Exercise:
Exactly transcribe the span of lines from the one containing "Group portrait of" through the final line of the entries, inclusive, and nothing outside it. Exclude the pictures.

(Short text fragments from websites)
------------------------------------------------------------------------

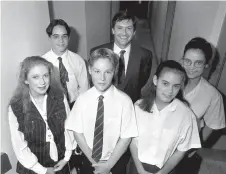  ?? ?? Simon McCoy with prize winners Cassie Shuttlewoo­d, Greig Hannon, Duncan Baldwin, Jenny Megilley and Sara Gyoker in 1992. Ref:134886-6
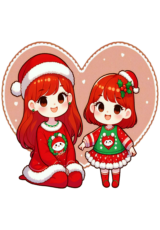 Chirstmas heart mother and daughter4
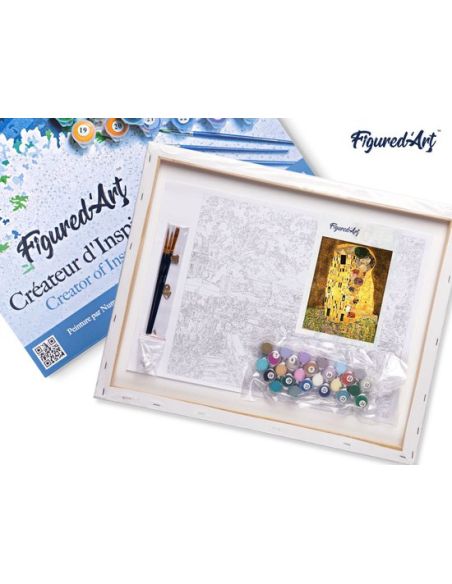 LIENZO PINTAR POR NUMEROS CON BASTIDOR 40X50CM EL BESO DE KLIMT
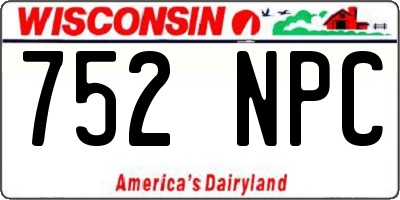 WI license plate 752NPC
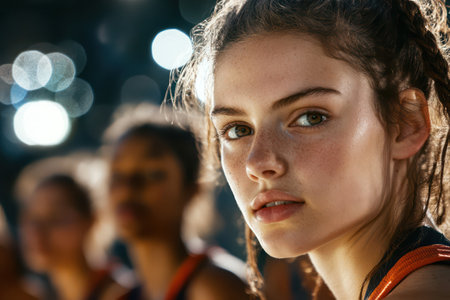 Group portrait of young girls in basketball uniforms standing confidently in gym, symbolizing youth sports, teamwork, and ambition.の素材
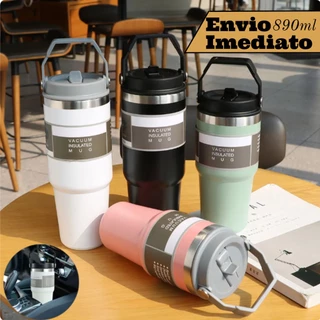 Garrafa Térmica 900ML Com Alça Flip Tumbl Aço Inoxidável Isolamento Térmico Com Canudo P/ Academia Trabalho Caminhada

------------------------------------------------------------------------

Exercise solution:
 Group portrait of young girls in basketball uniforms standing confidently in gym, symbolizing youth sports, teamwork, and ambition.の素材
 Garrafa Térmica 900ML Com Alça Flip Tumbl Aço Inoxidável Isolamento Térmico Com Canudo P/ Academia Trabalho Caminhada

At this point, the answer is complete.